文部科学省「令和4年 児童生徒の問題行動・不登校等生徒指導上の諸問題に関する調査」に基づき当財団作成

では、この「いじめの認知件数」で増加したのは、早期に把握された比較的軽度のいじめなのでしょうか。

 

重大事態の増加

いじめ防止対策推進法では、子どもたちの命や心を大きく傷つけるような深刻ないじめを「重大事態」と定めて、再発防止のために適切な方法で調査を行うことが定められています。重大事態のうち、「一号重大事態」は「いじめにより児童等の生命、心身又は財産に重大な被害が生じた疑いがあると認めるとき」、二号重大事態は「いじめにより児童等が相当の期間学校を欠席することを余儀なくされている疑いがあると認めるとき」とされています。

文部科学省「児童生徒の問題行動・不登校等生徒指導上の諸問題に関する調査」に基づき当財団作成

この重大事態の数も、いじめ防止対策推進法ができた2013年以降増加傾向にあり、2022年には、一号重大事態448件、二号重大事態617件、合計923件発生しました。学校別の内訳は、小学校で390件、中学校で374件、高等学校で156件となっています。

文部科学省「児童生徒の問題行動・不登校等生徒指導上の諸問題に関する調査」に基づき当財団作成

重大事態の増加が、深刻ないじめに傷つく子どもたちが増えているのか、それともこれまで見過ごされていた深刻ないじめが「いじめ」としてきちんと把握されるようになってきたのか、調査の数字だけでは分かりません。しかし、数字の数だけ深く傷ついた子どもたちがいることは事実です。

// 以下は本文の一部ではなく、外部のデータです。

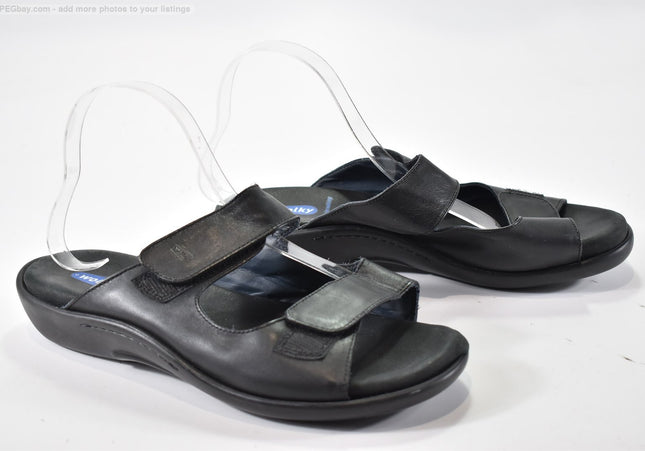 Wolky Herren Sandale Pantolette EUR 43 Nr. 25-S-1448-Schuh-Gebraucht-secondhand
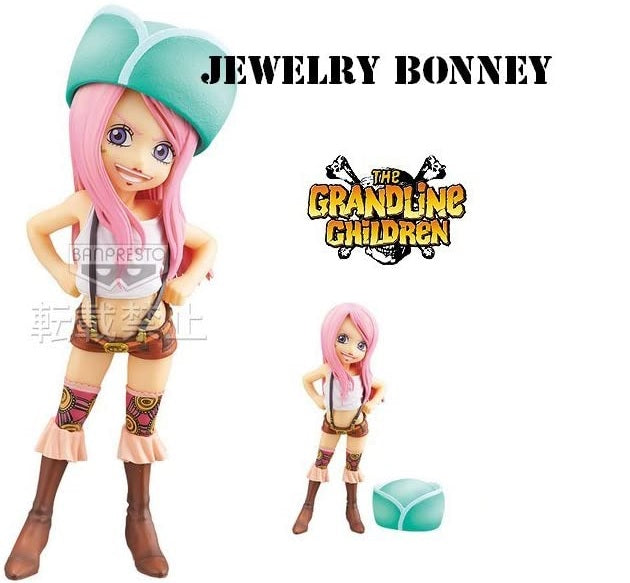 .Statische Figur - One Piece - Jewelry Bonney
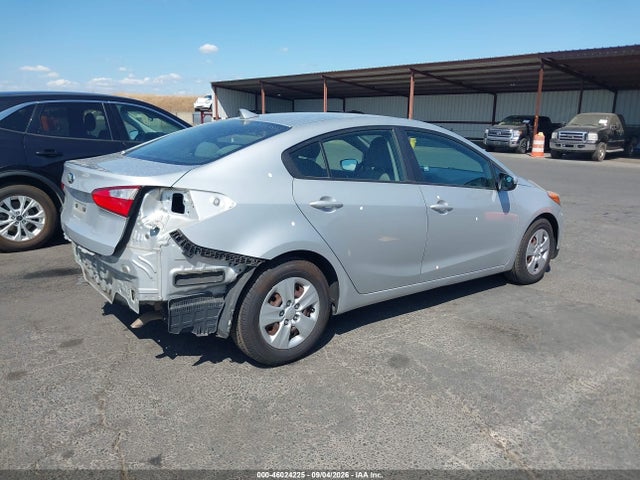 KNAFK4A61G5515694 KIA FORTE LX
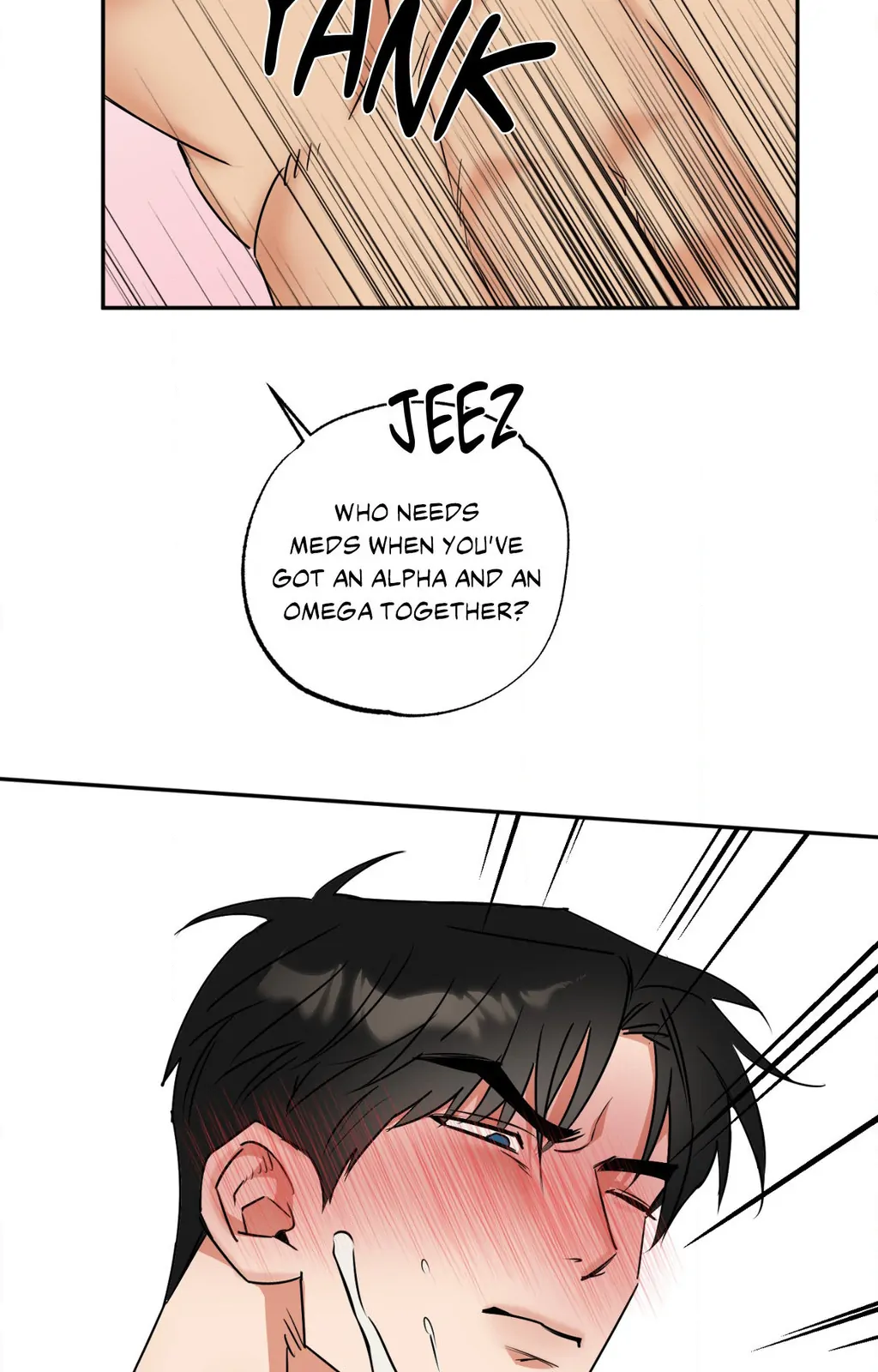 Heat Protectant «Official» - Chapter 35 manhwa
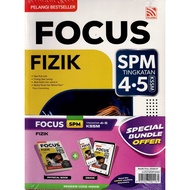 BUKU RUJUKAN ( 2026 ) : FOCUS SPM FIZIK + EBOOK TINGKATAN 4.5 ( SPECIAL BUNDLE OFFER )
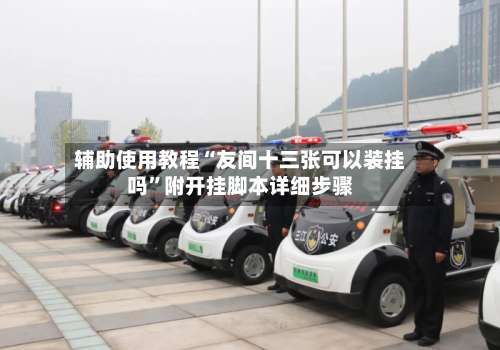 辅助使用教程“友间十三张可以装挂吗”附开挂脚本详细步骤-第2张图片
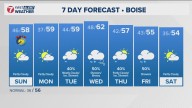 Boise area, southwest Idaho weather forecast from KTVB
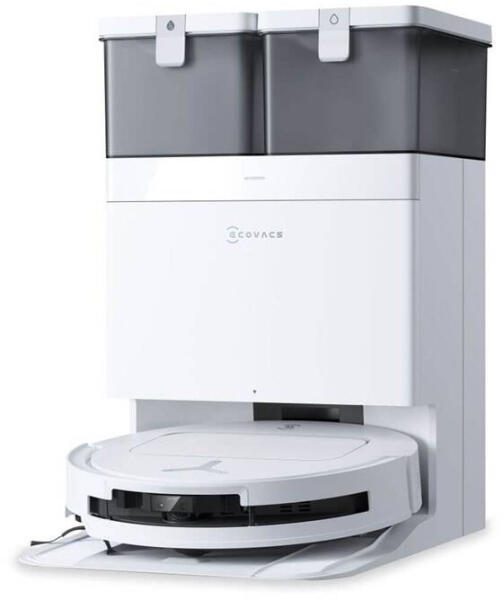 Ecovacs Deebot T50 Pro Omni White (Robot curatenie) - Preturi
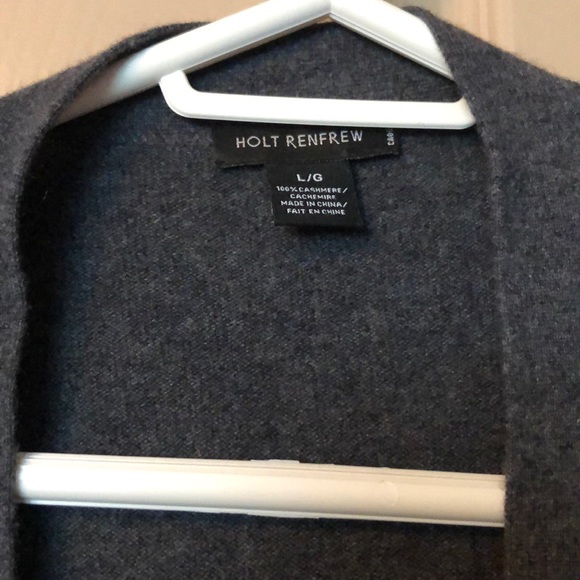 100% Cashmere button up sweater - Picture 3 of 4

「重大事態」をめぐっては、深刻ないじめにもかかわらず、「重大事態」としての対応が行われなかったケースがありました。それが今回の「いじめの重大事態の調査に関するガイドライン」の改訂につながっています。傷ついている子どもたちが必要な対応を受けられるよう、新しいガイドラインがその助けになるよう願ってやみません。

 

「いじめ」防止のために

今、学校にはいじめだけでなく、児童虐待や保護者からの過剰要求など、様々な問題が押し寄せています。その一方で、教師の過重労働や教師不足の問題があり、教員が全ての問題を担うことが難しくなっています。また、多様な家庭環境の問題や、子どもたちの心の問題など、解決には教育以外の専門的な知見を要する問題もあり、学校だけですべての問題に対応するのは困難な状況となっています。

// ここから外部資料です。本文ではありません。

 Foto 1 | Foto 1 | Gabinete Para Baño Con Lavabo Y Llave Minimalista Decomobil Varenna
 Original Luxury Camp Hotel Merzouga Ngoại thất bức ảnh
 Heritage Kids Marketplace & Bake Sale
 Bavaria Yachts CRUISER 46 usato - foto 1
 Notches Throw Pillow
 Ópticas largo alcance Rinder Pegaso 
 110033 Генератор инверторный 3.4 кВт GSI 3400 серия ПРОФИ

そこで、臨床心理士など「心」の専門家であるスクールカウンセラー、家庭や周囲の環境に着目して支援をおこなうスクールソーシャルワーカー、学校にアドバイスや助言を行う弁護士であるスクールロイヤーなど外部の専門家の協力を得て対応する試みが始まっています。

外部の専門家の知見を取り入れる取組みは、まだ端緒についたばかりで、導入が進んでいない学校もあります。今後、いじめの防止や、いじめに悩む子どもたちに手を差し伸べる制度の充実がいっそう進むことを願っています。